# Are Slotted Decoy Bags Worth It?



## wavie (Feb 2, 2004)

I guess it all depends on what your meaning of "worth it" is. I can get 14 (atleast) avery lessers into my large avery 6 slotted bag. Is it worth it to me, yup on those long walk ins I refuse to make a second trip. 2 bags buckled up and criss crossed over my shoulders, xlander on my back with other gear stored inside. Look like a Sherpa but its worth it. Somedays I like my geese round, other days i'll haul the skinnies. In a couple years don't ask me because my kids will be hauling all my crap.


----------



## smoke (Jun 3, 2006)

smoke said:


> So lets make a bag of inferior quality too! Mine all fell apart after a couple seasons. *So I just replaced them with something better. *
> 
> *Great idea *and marketing scheme from Avery? *Absolutely*, *but like everything they have made for them, it needs just a bit more tweaking/re-engineering **and they would have an absolute fantastic product.*


I fail to see where in my post reply that I am not for innovative engineering. He!! that's how we have damn near everything that has every been invented. Someone makes one, someone thinks they can make it better etc.. It's what makes manufacturing what it is. 

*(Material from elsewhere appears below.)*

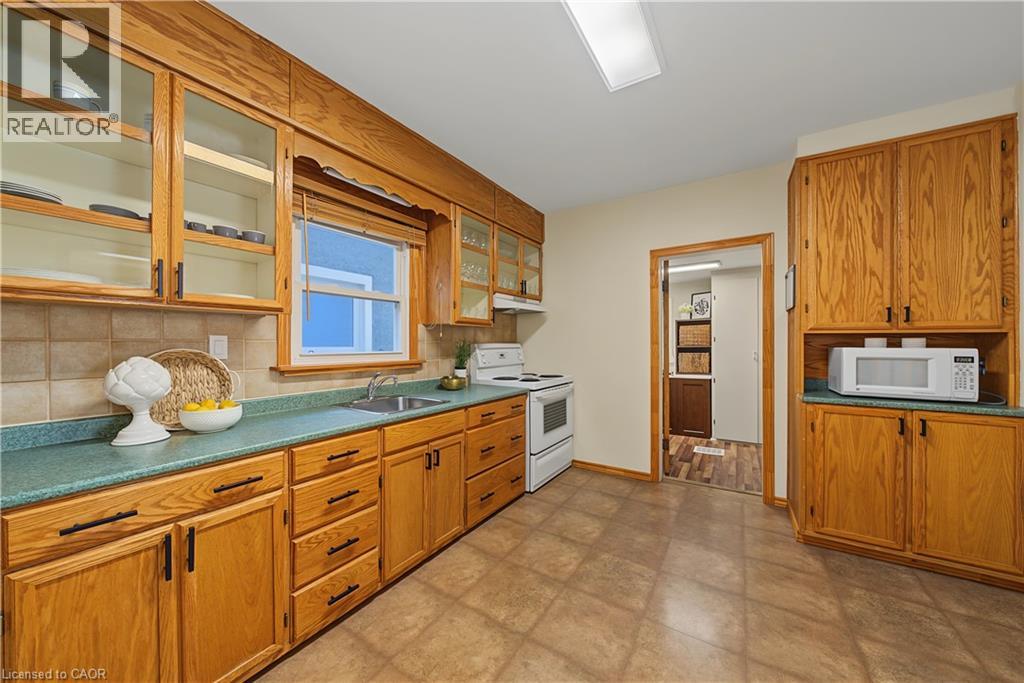 70 Woodland Avenue, St. Catharines, Ontario L2R 5A3 - Photo 8 - 40851657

Which is why I often wonder why people go to China to have product made. Very very few innovative ideas come directly from the Chinese. Nothing but patent infringements and cheap copies, unless there are Americans, Canadians, Germans or other evolved countries involved.

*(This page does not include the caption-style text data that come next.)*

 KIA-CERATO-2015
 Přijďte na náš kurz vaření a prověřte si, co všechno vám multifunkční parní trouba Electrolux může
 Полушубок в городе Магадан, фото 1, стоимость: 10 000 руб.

It boils down to 1 reason and 1 reason alone why companies would get any product made there, *$*. We continue to quote directly against many Chinese companies for the work we have in the contract office furniture industry. Some we win, some we lose, but one thing that rarely changes is, at least 80% of the time these companies come back and want us to build the product after a few years dealing with the Chinese. Poor quality, pre-paying for container loads of inferior made product with nothing to do with it but either sort through the crap trying to find good parts or scrap it all. No refund of payment nothing. Ever try to get an engineering change done over there on the fly? Good luck to you on that. We can make engineering changes on the fly. We run an eco change through the plant and halfway through a run the parts are now changed to the current revision level print. Try that over there, won't happen. 

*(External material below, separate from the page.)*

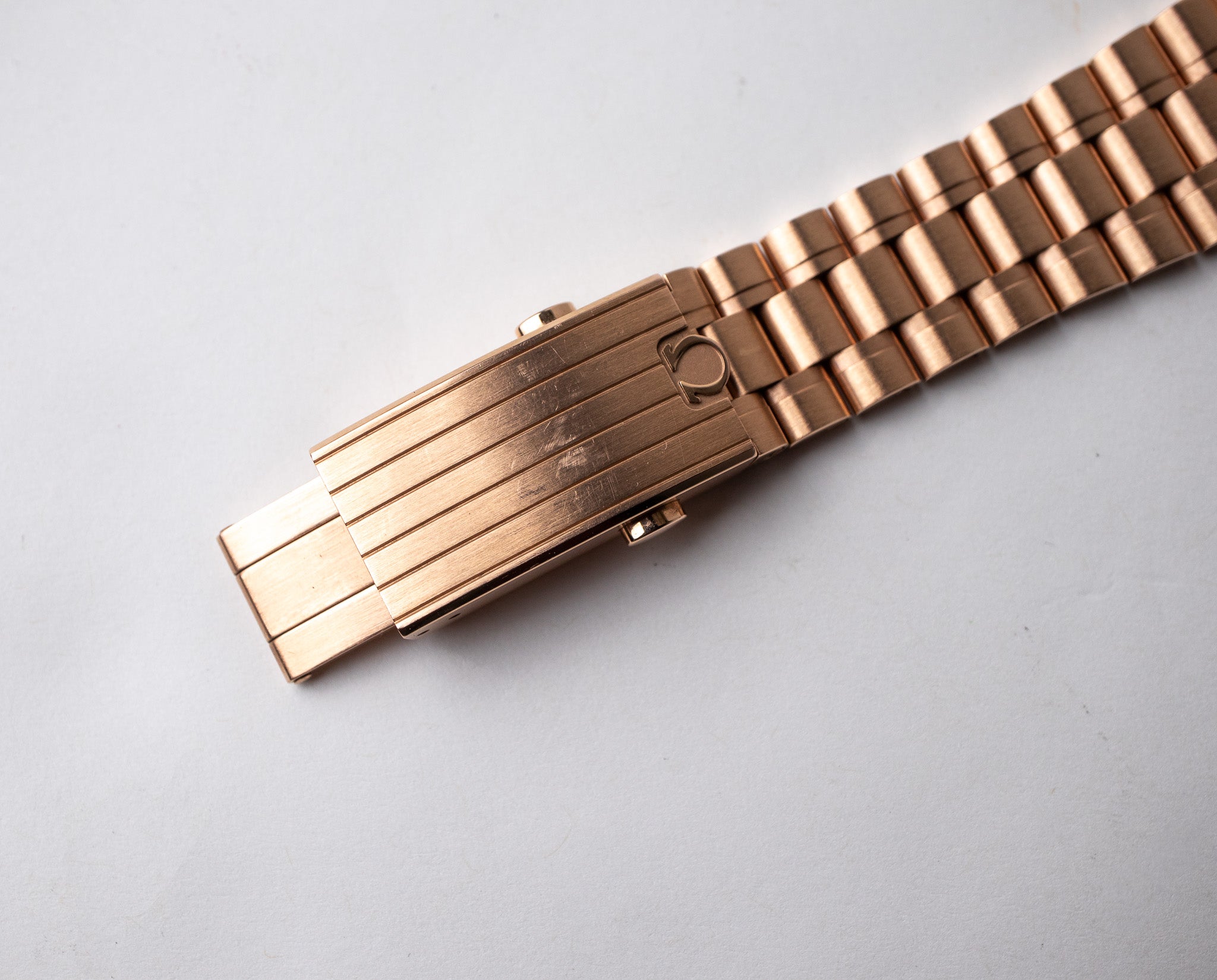 Omega Speedmaster 18K Sedna Gold 310.60.42.50.01.001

Off my stump for now....................


----------



## just ducky (Aug 23, 2002)

smoke said:


> Let think about this for a moment.
> 
> I never saw slotted decoy bags before Avery started getting them produced. I could be wrong but I have been in the waterfowl industry for a while 26 years.
> 
> ...


Damn Smoke, there ya go again reading my mind. Bottom line is hunters are becoming increasingly gullable to marketing ploys. Goes back to what I said in another post a while back about what a person "needs" vs. what they "want". The job of the marketing folks is to make us think we really do NEED something, but we can most certainly get by without it. The classic in my mind over the years is power door locks and windows :lol: Stupidest damn thing ever invented IMO. But look at the new vehicles today...try to find one with manual locks or crank down windows. It's possible to find them, but awful damn hard.

Okay, off my soap box now :evilsmile


----------



## SBE II (Jan 13, 2009)

smoke said:


> I fail to see where in my post reply that I am not for innovative engineering. He!! that's how we have damn near everything that has every been invented. Someone makes one, someone thinks they can make it better etc.. It's what makes manufacturing what it is.
> 
> Which is why I often wonder why people go to China to have product made. Very very few innovative ideas come directly from the Chinese. Nothing but patent infringements and cheap copies, unless there are Americans, Canadians, Germans or other evolved countries involved.
> 
> ...



At how much per hour though? If the China thing didn't work and your assumption was correct, why is manufacturing lacking in the united states?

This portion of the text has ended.